Winners & Sinners Capsule Reviews

Sean Gilman
The Chinese Cinema
Published in
4 min readAug 12, 2019

Kwan Tak-hing:

The Skyhawk — July 20, 2017

A weird confluence of the past, present and future of kung fu. Kwan Tak-hing plays Wong Fei-hung (as he did in almost hundred films from 1949 on), vacationing in Thailand with his apprentice Fatty, played by Sammo Hung. Sammo did the action choreography as well (and maybe you can catch his pals Mars and Lam Ching-ying doing stuntwork), but the direction is by Korean transplant Jeong Chung-hwa, who had a major hit for Shaw Brothers with Five Fingers of Death in 1972 before jumping to Golden Harvest the next year for The Devil’s Treasure, which also starred and was choreographed by Sammo Hung. The Skyhawk also features Nora Miao, in a far too brief role, which along with the setting amidst labor strife in Thailand, inspires echoes of Bruce Lee.

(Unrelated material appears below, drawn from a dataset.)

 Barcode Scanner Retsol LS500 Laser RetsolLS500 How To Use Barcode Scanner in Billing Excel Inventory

It doesn’t hang together very well, Kwan integrated better into the Sammo/Golden Harvest world a few years later with The Magnificent Butcher and Dreadnaught, and the moral philosophy of his Wong is on shaky ground in the vigilante early 70s. The villains have all the vices (gambling, drug dealing, forced prostitution, hiring Hwang In-shik, union-busting), but Wong is resolute in not responding to their provocations. His new disciple, played by Carter Wong (Sammo’s bland and handsome counter-part in the early 70s Angela Mao films), keeps fighting anyway, going so far as to ignore Wong’s command not to kill in the final battle. The tension is left unresolved, the two incompatible heroes just walk off into the sunset.

Karl Maka:

Dirty Tiger, Crazy Frog — July 21, 2017

The first of only two movies released by Gar Bo Films, the production company started by Sammo Hung and Lau Kar-wing. The company collapsed when several of its key collaborators left to form Cinema City and dominate 1980s Hong Kong filmmaking, including Karl Maka, who directed this one, and Dean Shek, who plays one of the villains (key Cinema City figure Eric Tsang cowrote the script with Maka as well).

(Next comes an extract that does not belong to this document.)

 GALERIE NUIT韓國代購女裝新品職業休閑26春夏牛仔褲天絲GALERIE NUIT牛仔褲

The other Gar Bo film, Odd Couple, is vastly better, possibly because of Lau’s direction but mostly because it’s about these incredible stunt performers first and foremost, with the goofy slapstick only an added bonus. Dirty Tiger, Crazy Frog is just a Karl Maka movie with the occasional fight scene thrown in, but even those are unsatisfactory for reasons that have nothing to do with the performers: they’re too brief, they’re indifferently shot and edited, with no visual flair or sense of style (during one of Lau’s big fights, for example, he’s wearing the same basic color as his opponent, so their movements blend together into a vague gray blur rather than the distinctive swirls of clashing color that so both look cool and allow the audience to differentiate the various impossible movements of the actors.

In the late 70s-80s period, Sammo basically had two star personas. In the early films he usually plays a cocky, amoral scoundrel who’s a bit dim. Around the time of Winners and Sinners, he starts playing surprisingly badass sad sacks. This is one of the least appealing versions of the former persona, neither he nor Lau are the least bit likable (unlike their charming squabbling in Odd Couple).

Ruan Lingyu:

The Goddess — March 1, 2017

Old fashioned story about a prostitute with a maternal heart of gold that would be trite if not for the elegantly precise filmmaking of Wu Yonggong (making his first film, he served as director, screenwriter and art director) and the fact that Ruan Lingyu sets the screen on fire.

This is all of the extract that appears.